Our view is that the year has got off to a positive start: MSCI’s latest monthly data shows all-property returns still matching December’s pace (11.2%), the IPF’s consensus forecast for 2018 returns have edged up to 4.6% (closer to our prediction of 7.0%), and at almost £10bn, investment remains healthy.     

"February’s equity market volatility was a helpful reminder of real estate’s comparative stability and attractive income-generating abilities."

However, headline numbers are good at masking more nuanced trends, and what seems clear to us is that divisions within the UK’s commercial property market are widening on a number of fronts.

The stable performance reported in MSCI’s data reflects (still) improving returns in industrial and specialist property types, weighed down by an accelerating decline in values amongst certain retail subsectors.

Our in-house yield series mirrors this trend: few changes have been necessary this year, but we have raised our prime regional high street yield, and lowered those for some of the specialist property sectors. Equally, while investment is tracking last year’s levels, activity is concentrated within the office, industrial and specialist sectors.  

There are also growing divisions in the global macro background that could have important implications for real estate. February’s equity market volatility was a helpful reminder of real estate’s comparative stability and attractive income-generating abilities.

Indeed, overseas capital remains focused on UK real estate, as evidenced by the number of large portfolio and single asset purchases that have already taken place this year, and we continue to expect 2018 to be a strong year for entity-level transactions.

However, the cause of recent stock market fluctuations was alarm at the speed of monetary tightening in the US, and consequently, 2018 will see much debate as to the impact of higher interest rates on property performance, and financial markets in general.  

Et tu, Mark Carney? No.

The reality is that the paths of global interest rates are diverging. Despite a slightly more hawkish tone of late, the Bank of England is set to tighten nowhere near as quickly as in the US Federal Reserve, which has already increased its target interest rate to 1.75% and may reach 2.5% by the end of the year.  

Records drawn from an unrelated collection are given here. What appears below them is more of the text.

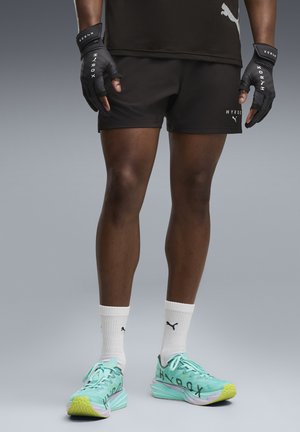 Jambes d'une personne portant un short noir HYROX, des gants noirs, des chaussettes blanches Puma et des chaussures de running HYROX turquoise avec des semelles jaunes.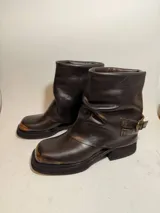 Bota de caña media confeccionada en cuero con efecto desgastado, presenta un diseño holgado en la parte superior y una tira con hebilla metálica ajustable en el tobillo. Cuenta con suela de plataforma y taco cuadrado robusto.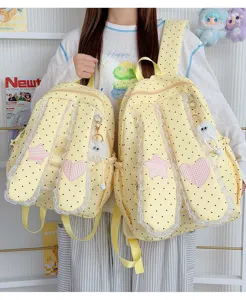 Sweet polka dot backpack detail showing lace trim, cute bunny ears, and star heart patches.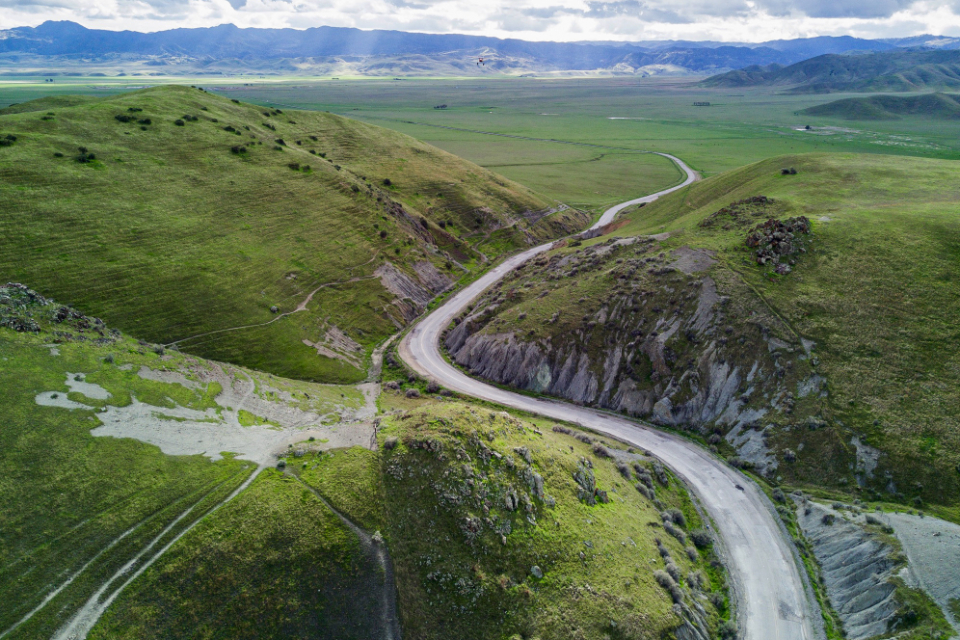 Yeşil Tepeler Arasından Geçen Dolambaçlı Yol ve Uzakta Uzanan Dağlar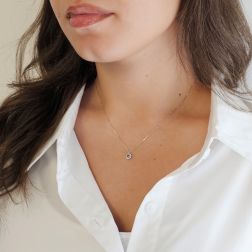 Photo of worn Veneta 0.5mm necklace with aquamarine light point, edged in white gold – 6mm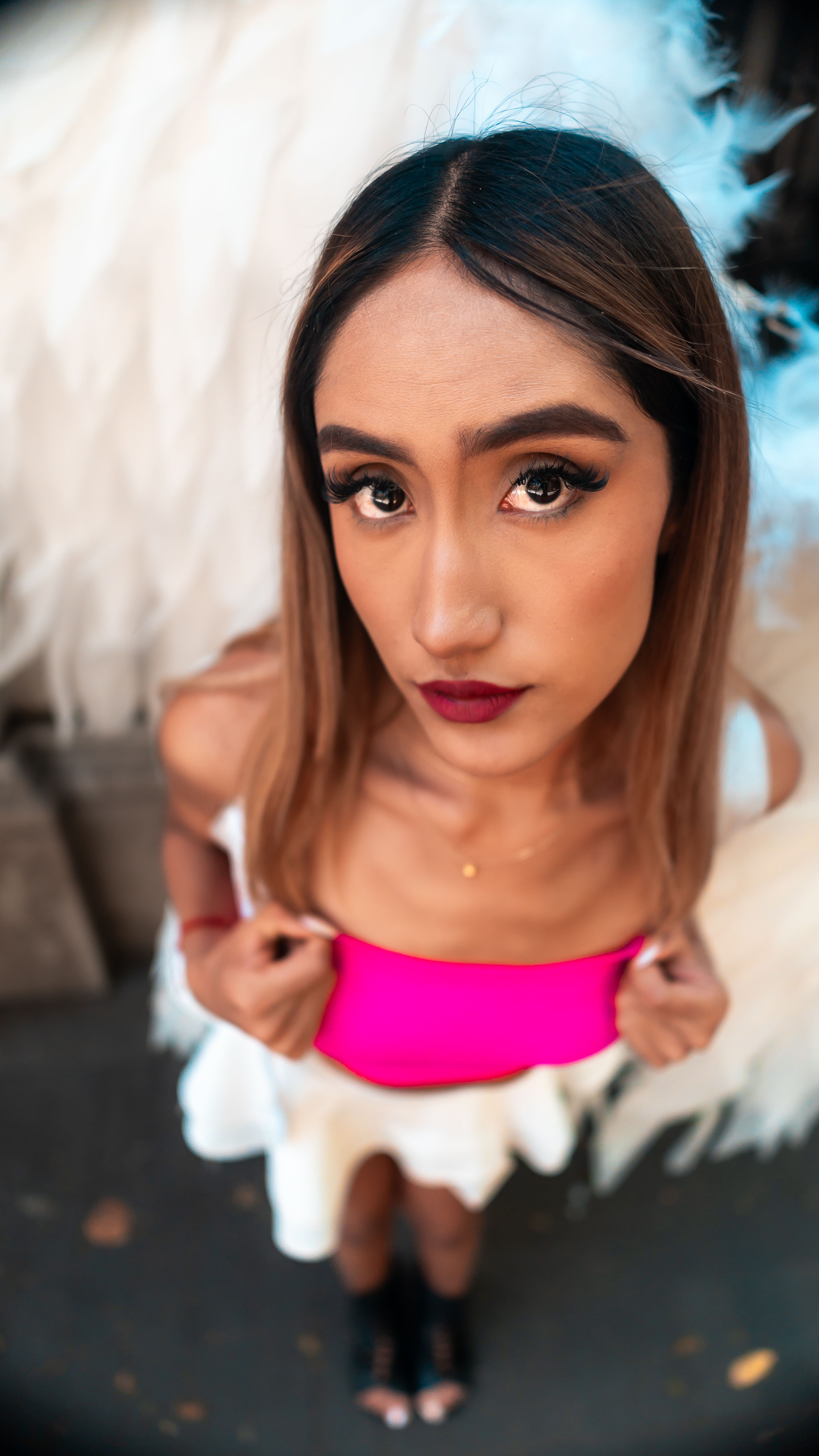 Artistic street portrait of a young woman with angel wings, expressing contemporary style in CDMX.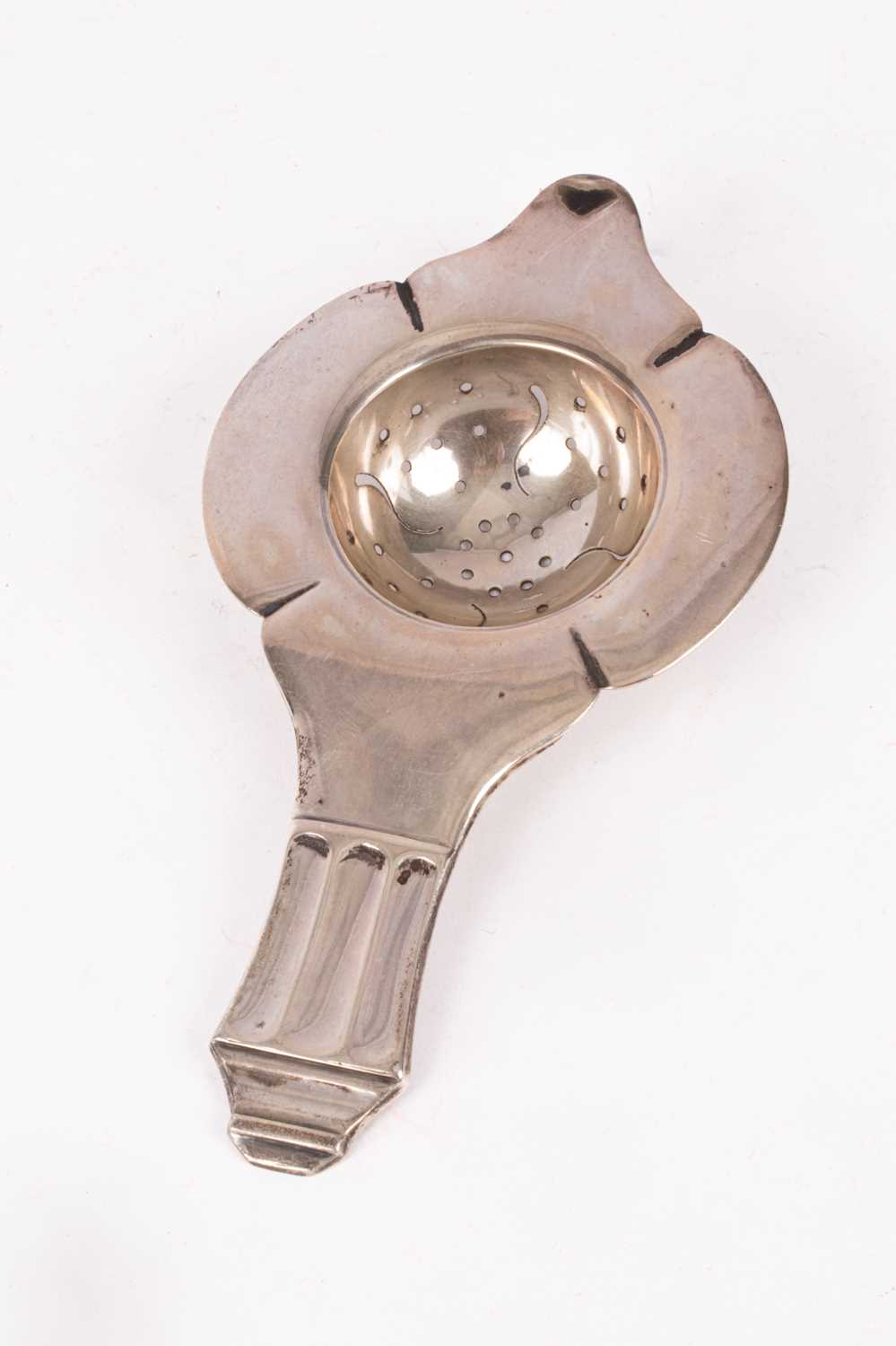 Lot 65 - A Danish silver tea strainer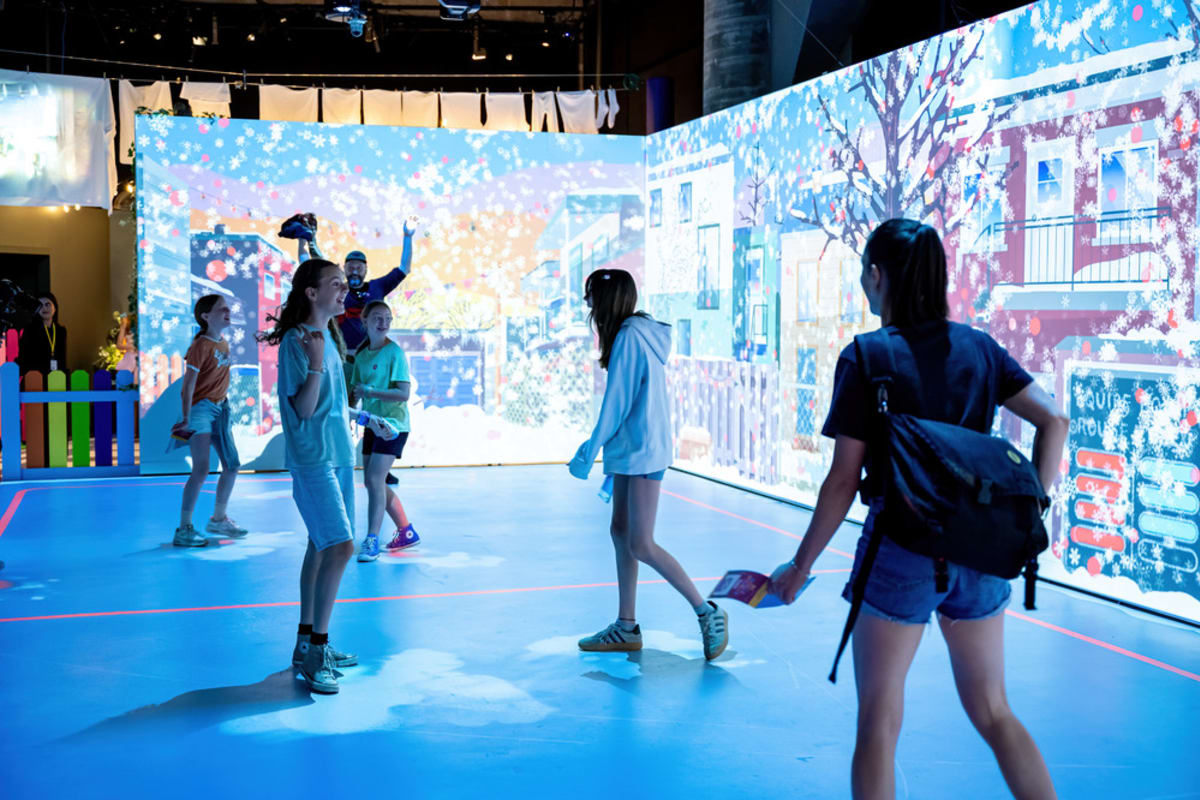 Children and teens in an interactive room. 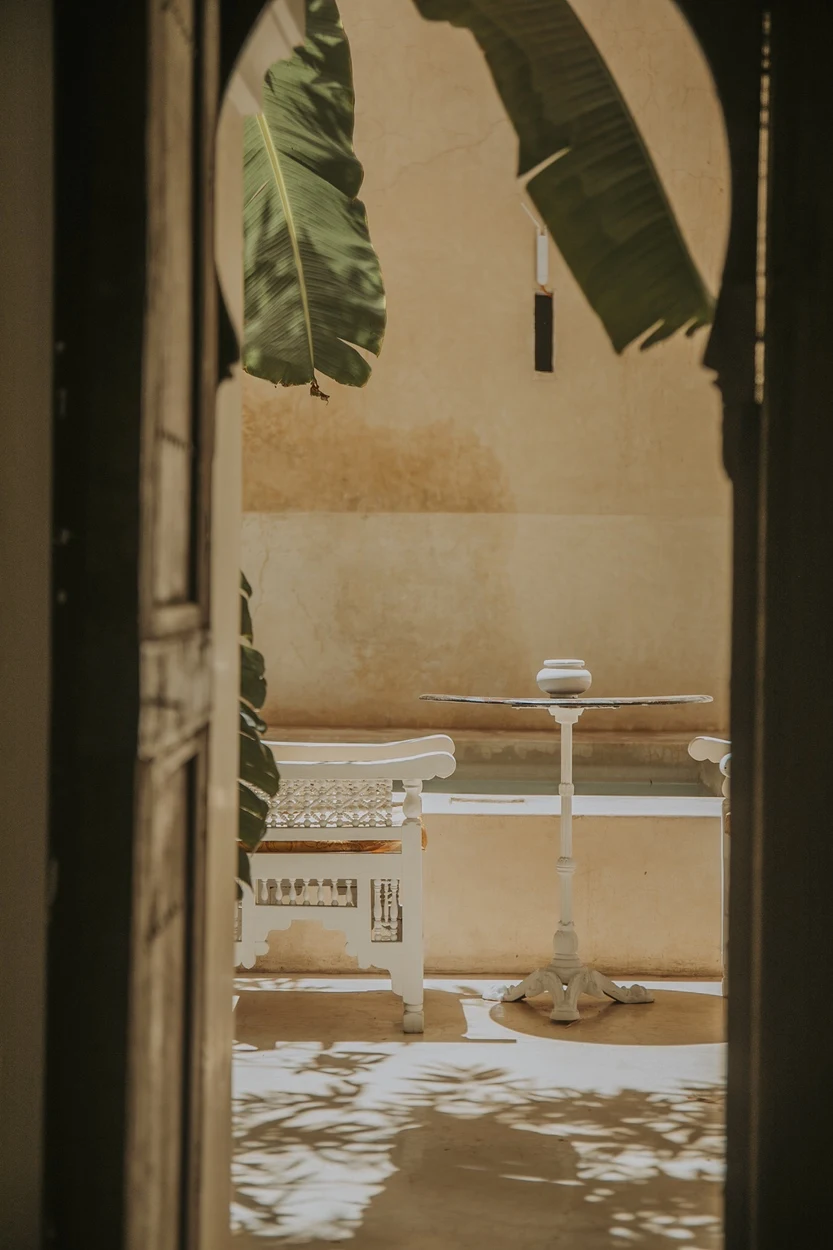 Table blanche aperçue depuis une porte sombre du patio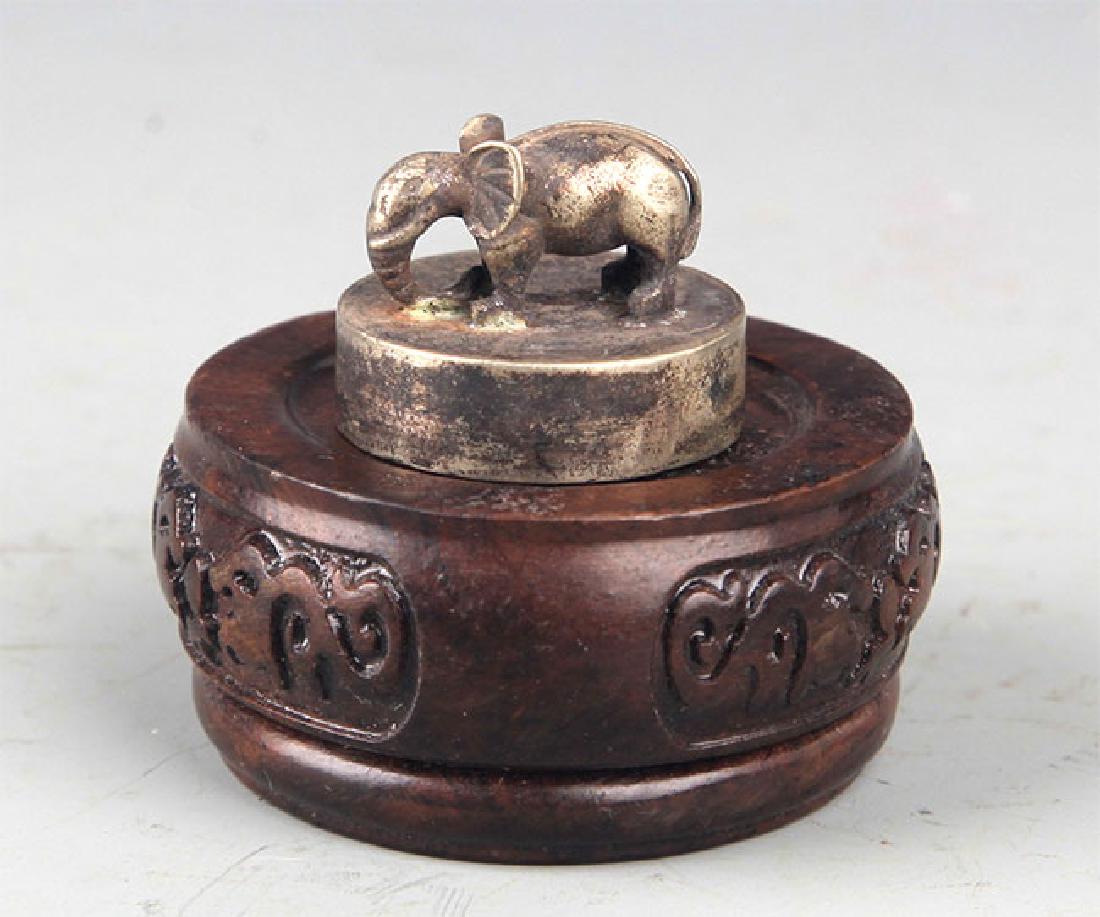 A SILVER PLATED ELEPHANT SHAPED SEAL (1 of 4)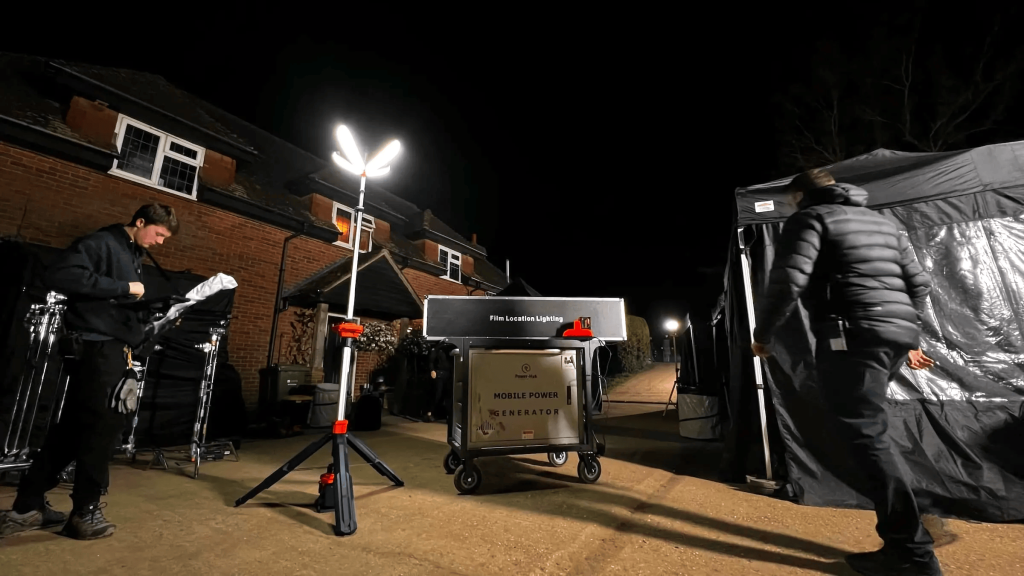 Film set with lighting equipment outdoors.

The importance of this differential to those in the UK (and Eurozone) is partly that the US experience offers a useful glimpse at the impact of rising interest rates on property pricing.

So what has happened? Have higher US interest rates caused property yields to rise in lockstep, thus leading to property value falls?

"Despite a slightly more hawkish tone of late, the Bank of England is set to tighten nowhere near as quickly as in the US Federal Reserve, which has already increased its target interest rate to 1.75% and may reach 2.5% by the end of the year. "

Or has the yawning gap between property yields and government bonds simply compressed to a lower number of basis points? The answer, for now, is the latter: in general, US property yields have been in decline ever since the central bank started raising rates. This is a reassuring illustration of our view that rising interest rates, of themselves, need not lead directly to lower property values. 

End of Act I

As the first quarter draws to a close we can reflect on some of our own predictions from the start of the year: we were right to expect greater stock market volatility (although we didn’t anticipate the trigger to come quite so soon), while appetite for platform and corporate transactions has been even stronger than we thought.

Our central case for 2018 remains one of benign moderation in performance, and consistent demand for assets.